Hart-Davis travels around Britain to introduce the idea and inventions of the Stuart Period in architecture and life-style.

- Neo-classical architecture was introduced to London by Inigo Jones and Christopher Wren following the Great Fire of London.
- The fountain pen was first mentioned in the diaries of Samuel Pepys and it allowed him to write on the move.
- Coffee houses drew people from far and wide with their pleasant smell and allowed sober social intercourse.
- Gyms were born from bell-ringing clubs with dumbbells invented for those that could not make it to the church towers.
- Colourfast dyes were created in Britain's first chemical works at Ravenscar when supplies of the mordant alum were cut off.
- The three-piece suit and necktie were created by Charles II as a political weapon in his war against France.

===Episode two: The Applyance of Science===

Before Stuart times the man who really ruled the scientific roost was the Greek philosopher Aristotle, even if he had been dead for 2000 years. But by the 1600s his ideas were becoming discredited and the Stuarts needed a new approach to understanding nature.
— Adam Hart-Davis

Hart-Davis travels around Britain to introduce the idea and inventions of the Stuart Period in science and engineering.

- Experimental science was introduced by the Lord Chancellor Francis Bacon who died inventing the frozen chicken.
- Properties of gases investigated by Robert Boyle and Richard Towneley led to Denis Papin's invention of the pressure cooker.
- The steam engine was invented by Thomas Newcomen to drain water from the coalmines of the Midlands.
- The pendulum clock based on Galileo's principles was invented by Christiaan Huygens and led to the establishment of GMT.
- Principia by Isaac Newton established three simple laws that revolutionised our view of the universe.

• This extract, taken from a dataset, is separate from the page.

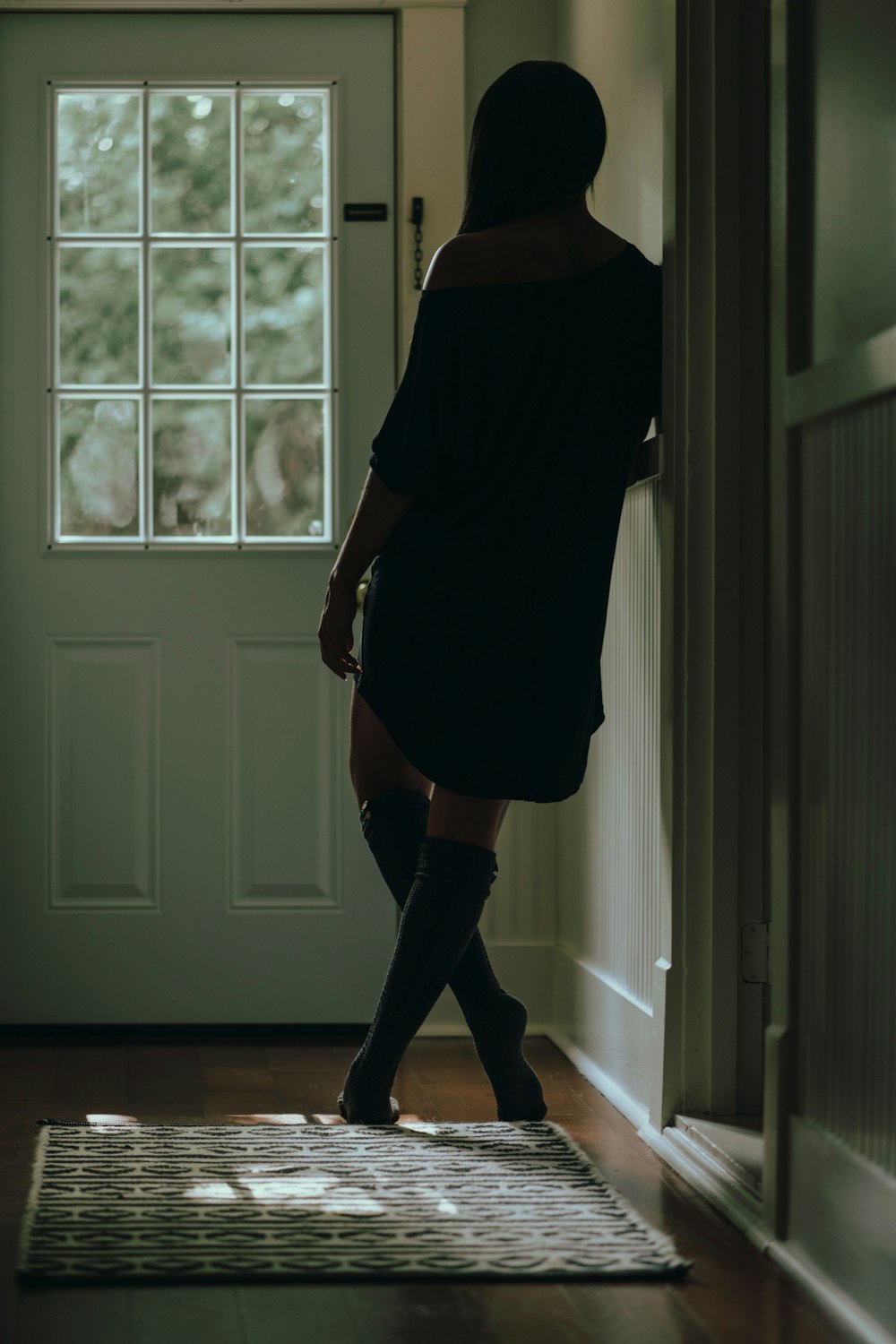 woman in black dress standing near white wooden door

===Episode three: The Organysed Isle===

Travel by coach was all the rage for the Stuarts and once regular public transport had filled the road with traffic, thieves like Moll [Cutpurse] were guaranteed a regular income. She was just one entrepreneur profiting from a Britain that was more organised than ever before.
— Adam Hart-Davis

Hart-Davis travels around Britain to introduce the idea and inventions of the Stuart Period in economics and politics.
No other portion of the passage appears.